I have been a big fan of Kastellec and Leoni (2007) since it came out, and by putting their code for creating graphs from actually-published tables online, the authors allowed me and many others to adapt it for our own needs. But there can be no doubt that the code is cumbersome and that it takes a lot of fiddly work to get it to produce the desired results, work that likely contributes to the continued reliance in political science on tables to present regression results. As they acknowledged then, “it simply takes more work to produce graphs” than tables (Kastellec and Leoni 2007, 757). Now (just eight-plus years later!), the dotwhisker
package, building on many other developments in the R
ecosystem, makes producing effective plots of regression results nearly effortless.

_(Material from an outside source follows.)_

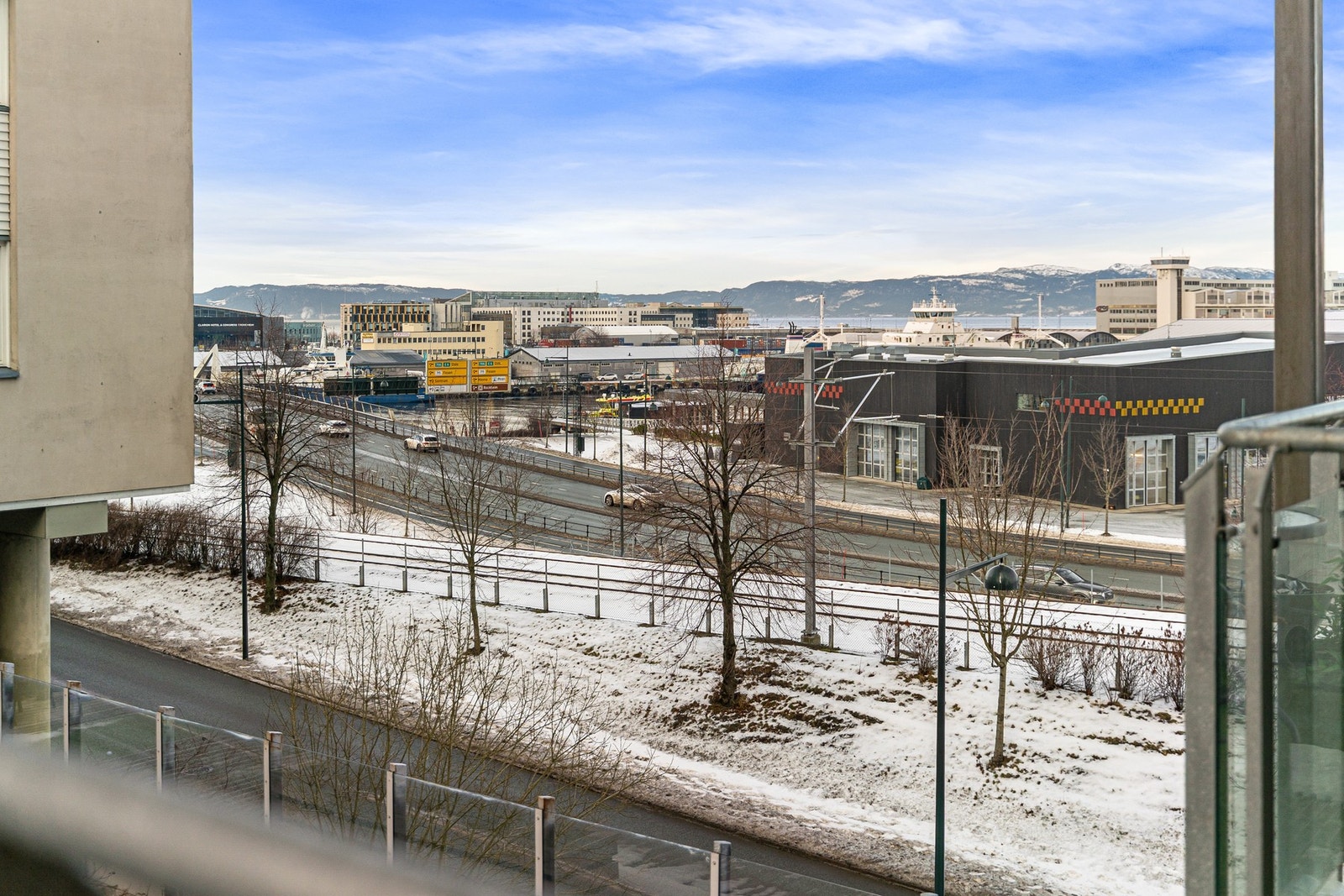 Like ved leiligheten finner du bussforbindelser som tar deg byen rundt. Galleribilde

Below, I present their original code for their three examples of plotting regression results, along with similar plots done using dotwhisker
. I hope you’ll agree that the latter plots are not only much easier to make, but also—thanks to Hadley Wickham’s (2009) ggplot
—better looking (and more easily further customizable).

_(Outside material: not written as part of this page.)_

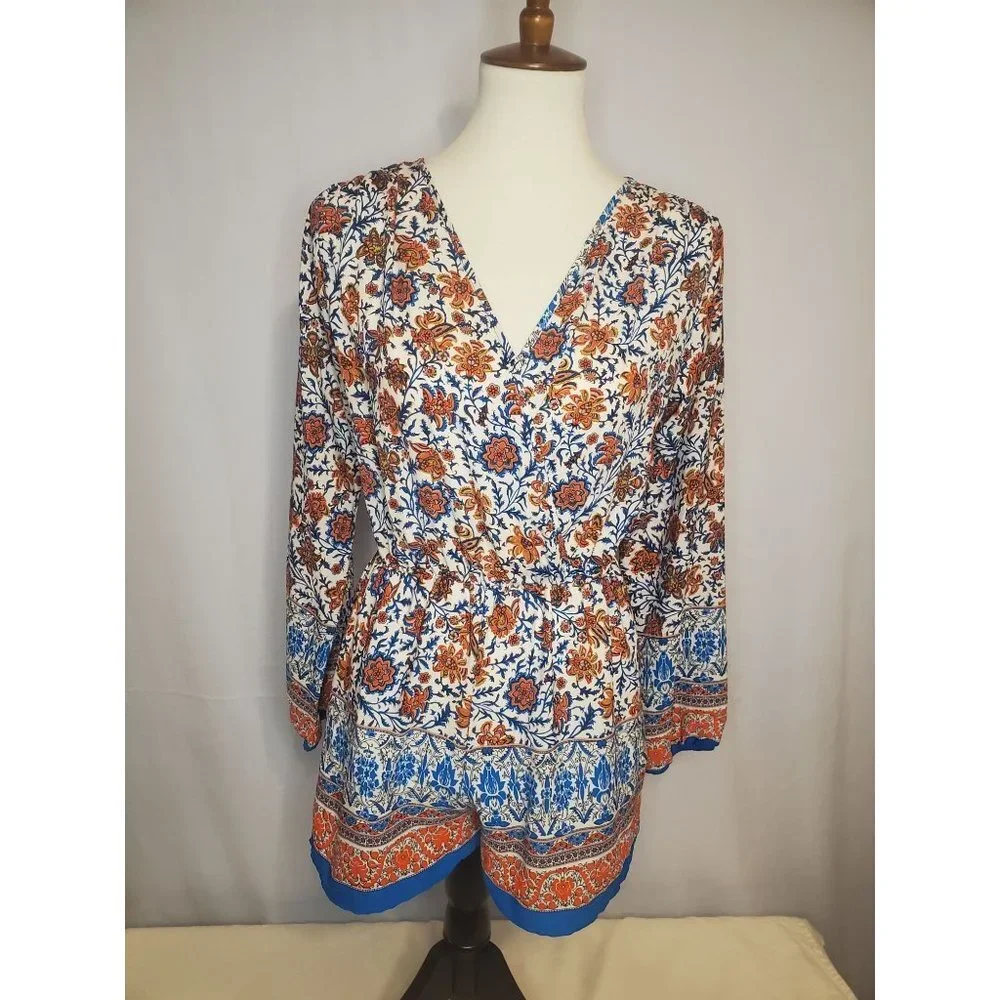 Pre-Owned A3 Design Long Sleeve Floral Print Romper Size Medium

Original, with very light edits, via Kastellec and Leoni’s http://svn.tables2graphs.com/tables2graphs/Rcode/Final%20Code%20for%20Website/figure_6_stevens_table_2.R
#Create vectors for coefficients, standard errors and variable names
#we place coefficient as last element in each vector rather than 1st
#since it is least important predictor, and thus we place it at the bottom of the graph
#note: we exclude the constant, since it is substantively meaningless
coef.vec <- c( 1.31, .93, 1.46, .07, .96, .2, .22, -.21, -.32, -.27,.23,
0, -.03, .13, .15, .31, -.10)
se.vec <- c( .33, .32, .32, .37, .37, .13, .12, .12, .12, .07, .07, .01, .21,
.14, .29, .25, .27)
var.names <- c("Argentina", "Chile", "Colombia", "Mexico", "Venezuela", #for longer names, we split into 2 lines using "\n" function
"Retrospective Egocentric", "Prospective Egocentric",
"Retrospective Sociotropic", "Prospective Sociotropic",
"Distance from President", "Ideology", "Age", "Female", "Education",
"Academic Sector", "Business Sector", "Government Sector")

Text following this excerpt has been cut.